After several months of intense fighting, the Pakistani government and the anti-Pakistan insurgent group the Tehreek-e-Taliban Pakistan (TTP) are talking once again. In early June, the TTP, also known as the Pakistani Taliban, announced a cessation of hostilities with Pakistan for three months. This cease-fire resulted from weeks of secret talks in Kabul between the TTP and Pakistani military officials, followed by a more public meeting between the TTP and Pakistani tribal leaders — both mediated by the Afghan Taliban. For the first time, the Afghan Taliban also confirmed the talks and their role as mediators between Pakistan and the TTP.

A Pakistani soldier in South Waziristan, Pakistan, 2009. South Waziristan was part of Federally Administrated Tribal Areas that merged with mainland Pakistan in 2018. The TTP want this merger reversed. (Tyler Hicks/The New York Times)
A Pakistani soldier in South Waziristan, Pakistan, 2009. South Waziristan was part of Federally Administrated Tribal Areas that merged with mainland Pakistan in 2018. The TTP want this merger reversed. (Tyler Hicks/The New York Times)

Discussions on next steps of the process between Pakistan and the TTP, including on release of more TTP prisoners, continue. Will the talks lead to an enduring political settlement between Pakistan and the TTP? Five factors will determine the trajectory of Pakistan-TTP negotiations.

1. TTP's Demands vs. Pakistan’s Interests

Since their onset, the talks remain shrouded in secrecy with Islamabad concealing both the aims of the negotiations as well as what it is willing to offer the TTP. Reports suggest that Pakistani military negotiators, led by Faiz Hamid, a former chief of the powerful Inter-Services Intelligence (ISI) agency and current commander of the army’s Peshawar Corps, offered to accommodate the TTP with a safe passage back to Pakistan from Afghanistan in exchange for the TTP agreeing to a long-term cease-fire, dissolving its organization and joining mainstream politics.

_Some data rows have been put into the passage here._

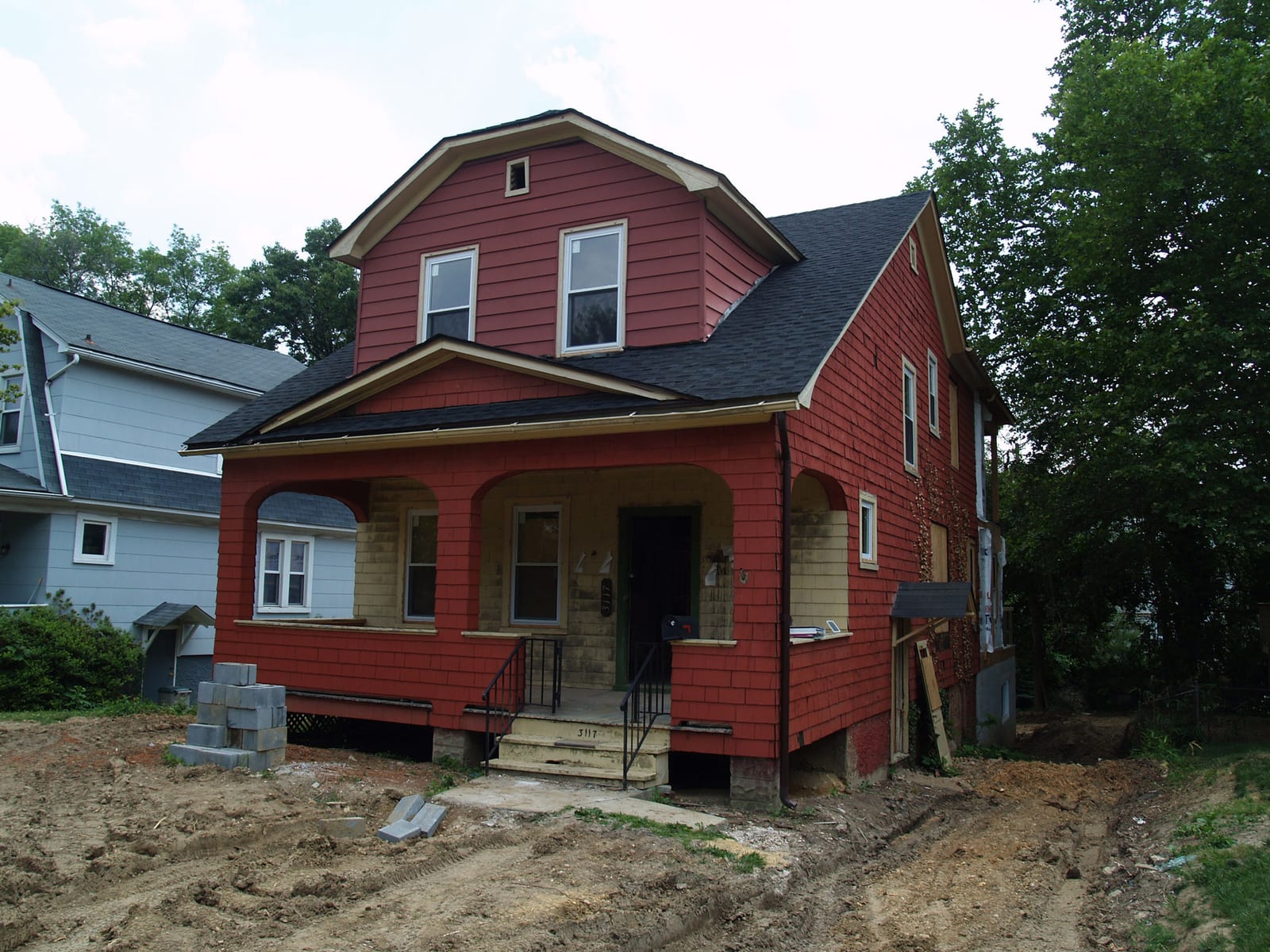The 1928 bungalow part-way through the rebuild, with a new roof over the porch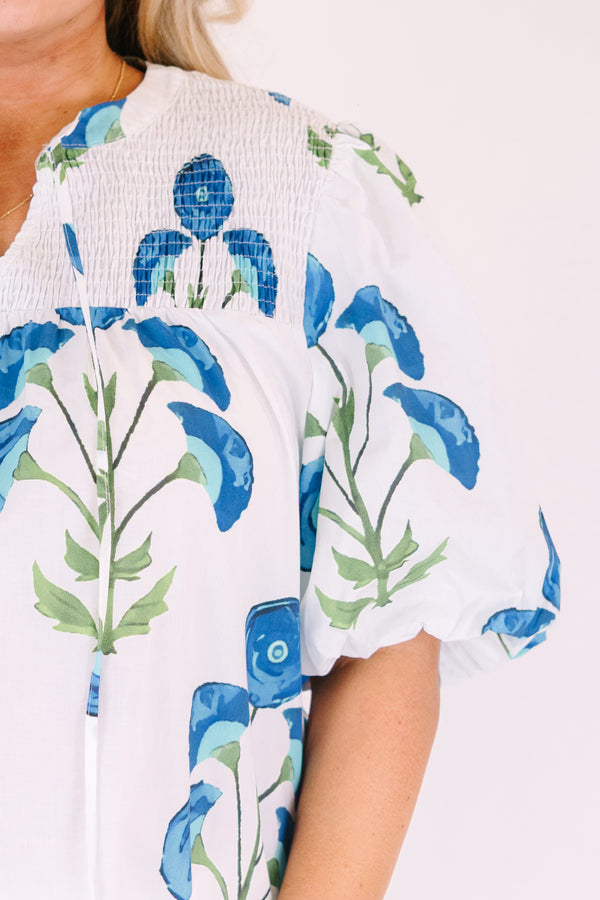 Chic Soul plus size clothing, White puff sleeve baby doll top with blue and green flowers on it and ruching texturing on the top of the shoulders and tassels hanging from the neckline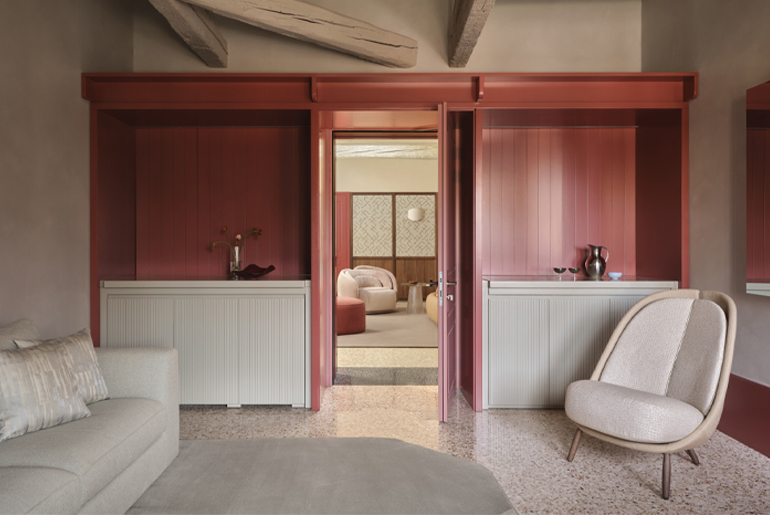 Suite di Elizabeth Unique Venice con arredi Pianca su misura, boiserie rosso veneziano, divano chiaro e poltrona Calatea imbottita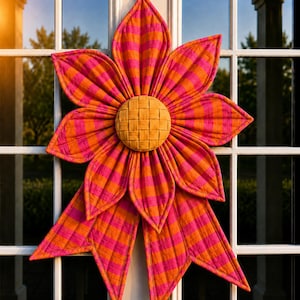 Op de afbeelding: Een stoffen wandhanger in de vorm van een bloem met doorgestikte bloemblaadjes in een felroze en oranje gestreept patroon. Het midden van de bloem is een ronde, gevlochten goudgele schijf. Het ontwerp bevat twee lange, puntige stoffen uiteinden.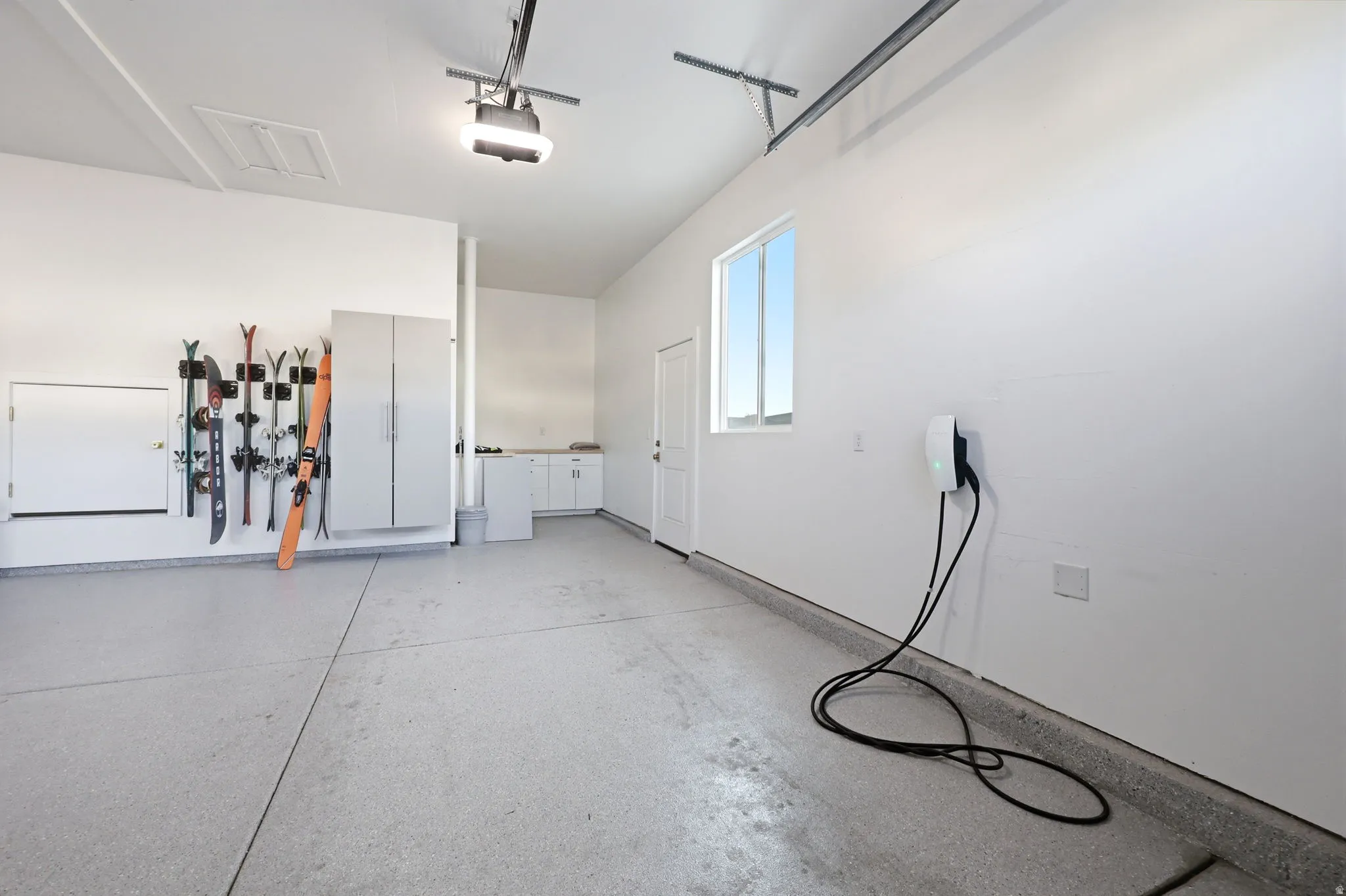 Spacious garage featuring polished concrete flooring, abundant natural light from high windows, wall-mounted tool organization system, and overhead ceiling-mounted fixtures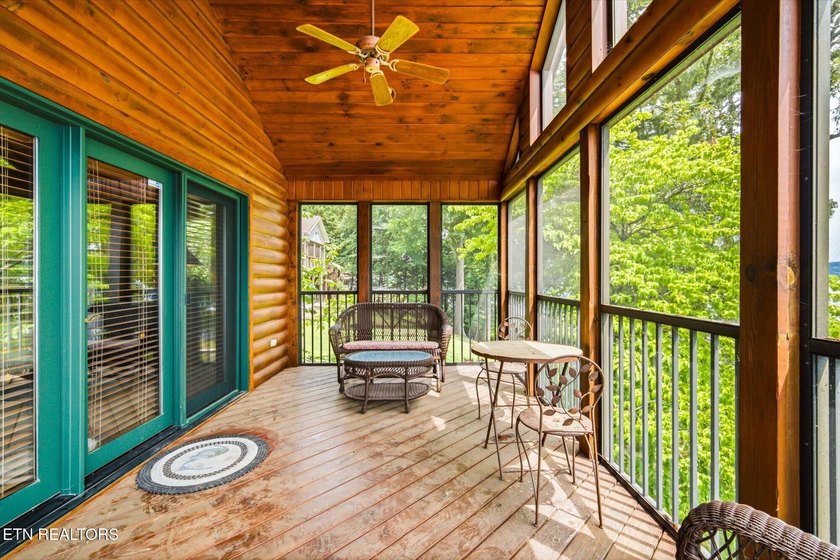 Stunning log home on the main channel of Douglas Lake! This - photo 29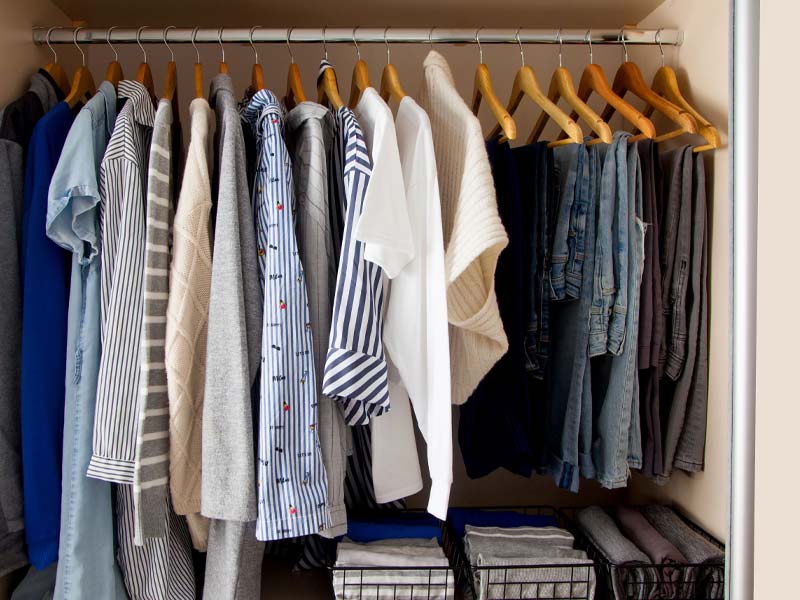 Clothing hanging in a closet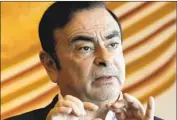  ?? Kin Cheung Associated Press ?? CARLOS GHOSN is facing trial on charges of aggravated breach of trust and filing false statements to regulators regarding $80 million in deferred income.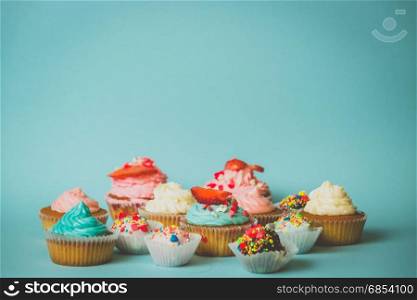 Cupcakes with strawberry and candies with sprinkles on blue background
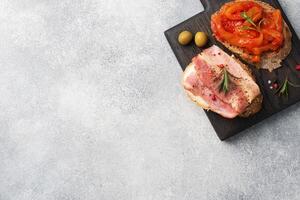 Whole grain bread sandwiches with cream cheese, bacon and canned peppers with tomato on a wooden cutting Board. Gray concrete background with Copy space. photo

This offer appears to be tempting but insufficient for the TTP, which is making two major demands. First, it wants a substantial reduction of Pakistani military forces from the country’s former tribal areas, known as the Federally Administrated Tribal Areas (FATA). Second, it wants the 2018 merger of the tribal areas into mainland Pakistan through an amendment to Pakistan’s constitution — known as the FATA merger — reversed. While Pakistani negotiators indicate being open to a reduction of military forces in FATA, the merger reversal demand appears a bridge too far. For its part, the TTP insists that the FATA merger reversal is non-negotiable.

2. Who Will the Afghan Taliban Side With?

Given this deadlock, the Afghan Taliban’s mediation role takes center stage. Will the Taliban compel the TTP to settle for less or push Pakistan to concede to the TTP’s terms? There are three moving parts to the Taliban’s calculus.

First, the Taliban’s position is likely to be shaped by their own foreign relations and level of reliance on Pakistan — which is a function of the political and material support Taliban enjoyed from Pakistan during the U.S. presence in Afghanistan. One reason the Taliban appear to have pushed the TTP to negotiate in recent months is Pakistan’s mounting pressure amid Afghanistan’s deepening economic and humanitarian crisis. This pressure peaked with Pakistan’s airstrikes in eastern Afghanistan in the month of April. Pakistan may have also threatened more coercive pressure, including through restrictions on the Taliban leadership with homes and families in Pakistan as well as an economic squeeze on the Taliban’s revenues by restricting Afghanistan-Pakistan border trade. That seems to have shaken some Taliban leaders, like Pakistan’s long-standing ally Siraj Haqqani, the acting interior minister in Kabul, into action. They seem to believe that their regime is likely to remain isolated for the foreseeable future and more hostility with Pakistan will make their life more difficult, maybe even threaten the regime’s survival.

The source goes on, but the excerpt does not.